Cutter, a speedy sparkplug who is batting .491 through 16 games this season, is projected to be a first- to third-round pick in MLB's amateur draft this June. Cutter already has shown more potential coming out of high school than his father did when he was selected by the Mets in the 13th round of the 1981 draft.

"Cutter has a lot more physical traits and power than I ever had," says Lenny, who also adds that he hit .550 and didn't strike out during his senior year. "Cutter's got better athletic skills than I had. He's been blessed."

While Cutter's baseball baptism came at an early age -- "From the time he was old enough to sit up, he wanted a ball," says his mother, Terri -- his father tried to steer him away from the game.

"The fact that Cutter plays baseball is not the most important thing to me," Lenny says. "I wanted him to do what he wanted to do and he came to the game on his own."

It was, at times, frustrating for Cutter's mother who knew her son wanted to play baseball. She had to prod her husband into helping their middle child learn the game.

"I think Lenny stood back too much. I would tell him, 'Go tell him to do this or that,' and Lenny would say, 'No, just leave him alone, let him have fun and play,'" says Terri, whose eldest son, Gavin, 26, played baseball at Cal State Northridge and youngest son, Luke, 11, is a switch-hitting seventh grader. "He's very relaxed out there about the whole thing. I'm the one in the stands going crazy."

Lenny initially signed Cutter up for golf, a sport that came fairly easily to him as he hit 260-yard drives and posted a 5.1 on his handicap sheet to his father's 10.8. "He wanted me to be a professional golfer because we lived on the Sherwood Country Club," Cutter says. "That's what he really wanted."

Cutter left his golf clubs in the closet after the eighth grade. Even so, Lenny was hesitant to be that overbearing father figure in the stands during ball games.

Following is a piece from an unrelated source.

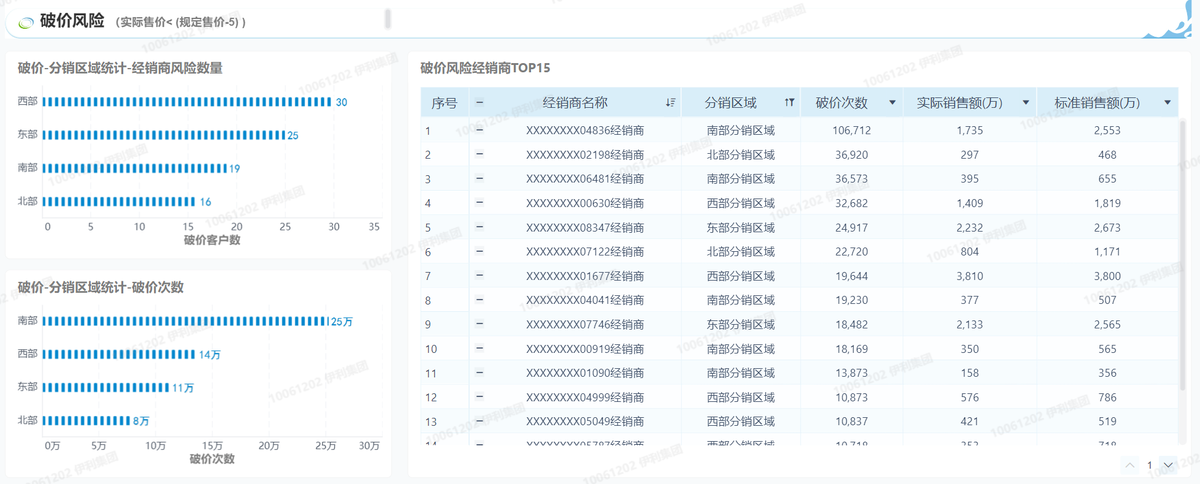电商分销模式下，如何防止经销商窜货和破价？插图10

Lenny didn't want the spotlight on himself.

"You'll never find my dad at a game," Cutter says. "No one will ever find him."

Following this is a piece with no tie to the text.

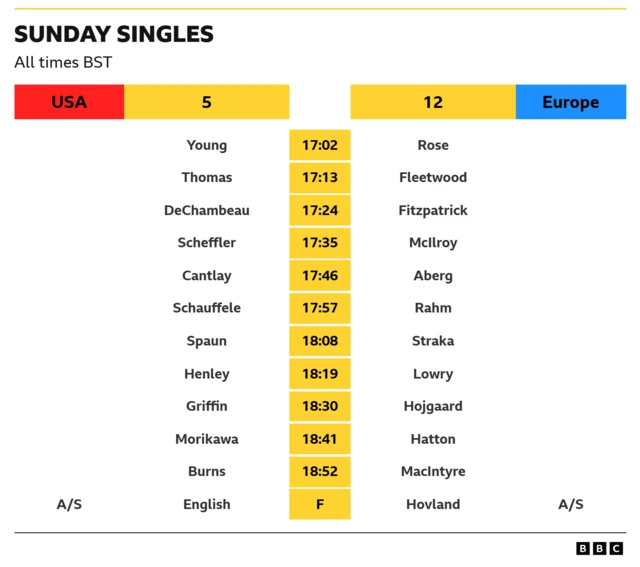 Singles line-ups graphic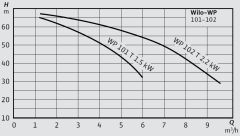 Wilo OWP 101 Şalt Sayısı Kontrollü Şasesiz Tek Pompalı Yatay Tip Paket Hidrofor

Cutter points to a car next to an oak tree nestled on a hill high above the baseball diamond, barely visible from his seat in the dugout.

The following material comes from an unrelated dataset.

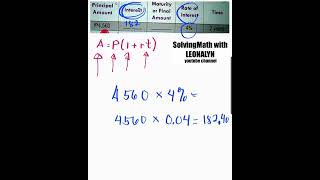Simple Interest Problems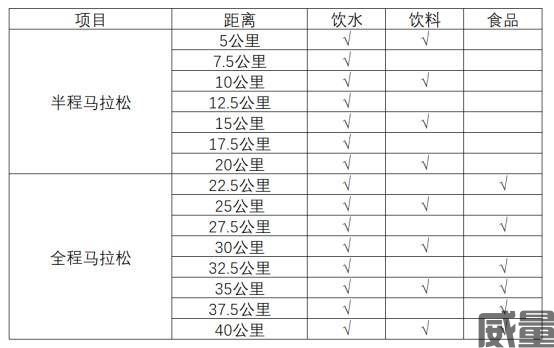 【马拉松最新资讯】报名截止6月25日！2023漠河极昼马拉松7月2日开跑！(图3)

"He's usually up there in his Maybach and I'm sure he has about three laptops lined up in front of him," he says, referencing his father's constant tracking of the stock market, which is a part of his second career as a successful businessman. Lenny is also launching a magazine for professional athletes, The Players Club. "But he always watches the games and he really watches them closely. I'll go into his office after games and we'll go over the counts; we'll go over all the mental stuff. He preaches that I should always play the game off the scoreboard. Being in the game and being a smart player."

Cutter has a scholarship offer from UCLA but says he'll likely go pro if he is drafted in the early rounds. He doesn't display any pretense as to his priorities in life.

"Everything I do is baseball," says Cutter. "Everything I do, I ask myself, 'How is thing going to help my game? How is this going to get me to the next level? How is this going to show everyone that I'm going to be a star?' Everything I do is all out."

Said Westlake High coach Zach Miller: "I haven't seen a kid who takes it as serious as he does. He wants to be the best and obviously a lot has to do with his last name but he's his own player. He's going to make a name for himself."

While Cutter would like to make his own mark in the majors, he envisions that will come as a result of playing the game with same reckless abandon that hasn't been seen since his father was scrapping with catchers and stealing bases.

"When I get on the field, I want to put on a show for people. I want people to pay to come watch me play," Cutter says. "I want to entertain people every time I'm on the field -- lay out for balls, run through walls, whatever it takes. That came from my dad."